Dem Streitfall lag die Frage zugrunde, ob die Möglichkeit zur Mitbenutzung eines Schreibtisches in den Räumlichkeiten eines Dritten eine „feste Geschäftseinrichtung“ (Art. 14 DBA Österreich-Ungarn) begründen kann. Geklagt hatte eine ungarische Dolmetscherin und Übersetzerin (die Beschwerdeführerin), die mit ihrer Familie in Ungarn, in Grenznähe zu Österreich, ansässig war. Die Beschwerdeführerin hatte erklärt, dass sie in den Streitjahren ihre Dolmetscher- und Übersetzungstätigkeiten in Österreich ausgeübt habe und damit dort unbeschränkt steuerpflichtig gewesen wäre. Hierzu habe ihr Auftraggeber ihr einen Schreibtisch in seinen Büros in Österreich zur kostenlosen Mitbenutzung überlassen. Die österreichischen Finanzbehörden gingen dagegen von einer Arbeitsausübung und -verwertung in Ungarn aus. Folglich wurde eine Steuerpflicht in Österreich verneint.

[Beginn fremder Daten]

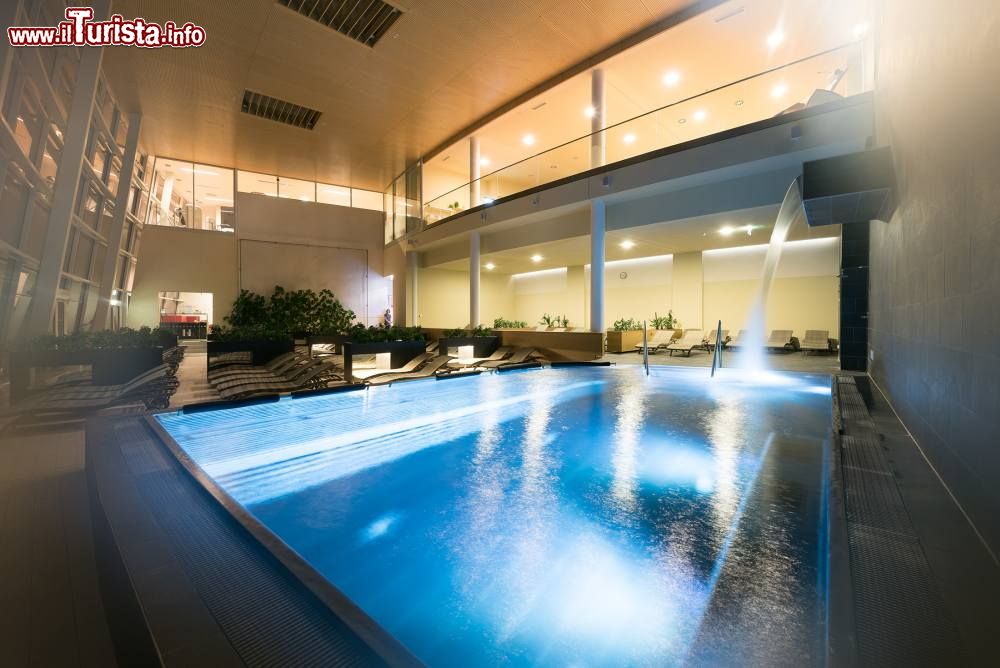 Immagine Piscina interna della Tauern Spa a Kaprun in Austria - © Gerry Mayr Rohrmoser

Nach der Rechtsprechung des österreichischen VwGH ist eine „feste Einrichtung“ nach Art. 14 DBA Österreich Ungarn eine Geschäftseinrichtung oder Anlage mit einer festen Beziehung zur Erdoberfläche, die für eine gewisse Dauer besteht, der Tätigkeit des Unternehmens dient und über die es eine nicht nur vorübergehende Verfügungsmacht hat. Die Anforderungen an eine „feste Einrichtung“ sind daher dieselben wie die einer Betriebsstätte i.S. des Art. 5 DBA Österreich Ungarn.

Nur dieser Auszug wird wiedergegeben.